Exercise details: Reproduce the whole listing word for word. Leave every image out.

Data shown:
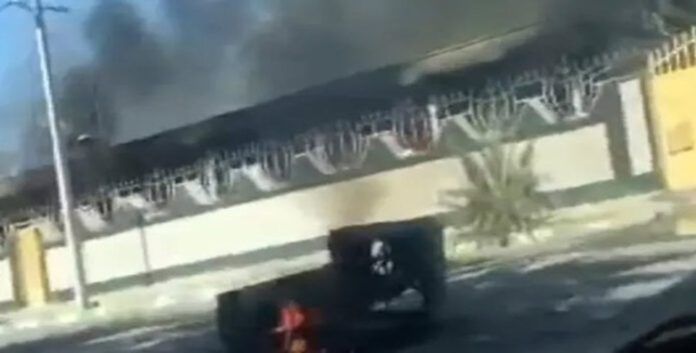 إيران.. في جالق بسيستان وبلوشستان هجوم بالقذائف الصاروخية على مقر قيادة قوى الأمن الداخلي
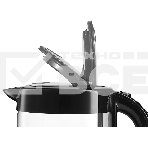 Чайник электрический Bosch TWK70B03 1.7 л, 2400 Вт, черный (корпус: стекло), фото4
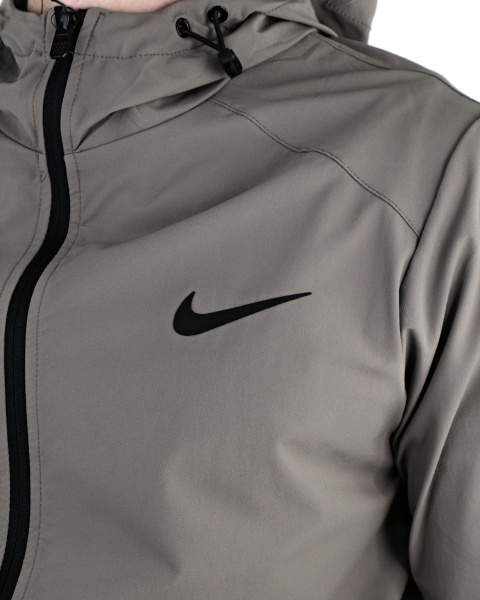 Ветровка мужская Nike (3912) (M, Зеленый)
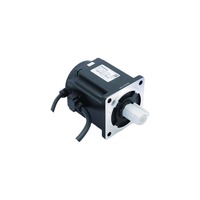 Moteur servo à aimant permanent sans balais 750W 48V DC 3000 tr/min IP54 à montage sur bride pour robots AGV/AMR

Solution for this task:
 إيران.. في جالق بسيستان وبلوشستان هجوم بالقذائف الصاروخية على مقر قيادة قوى الأمن الداخلي
 Чайник электрический Bosch TWK70B03 1.7 л, 2400 Вт, черный (корпус: стекло), фото4
 Ветровка мужская Nike (3912) (M, Зеленый)
 Moteur servo à aimant permanent sans balais 750W 48V DC 3000 tr/min IP54 à montage sur bride pour robots AGV/AMR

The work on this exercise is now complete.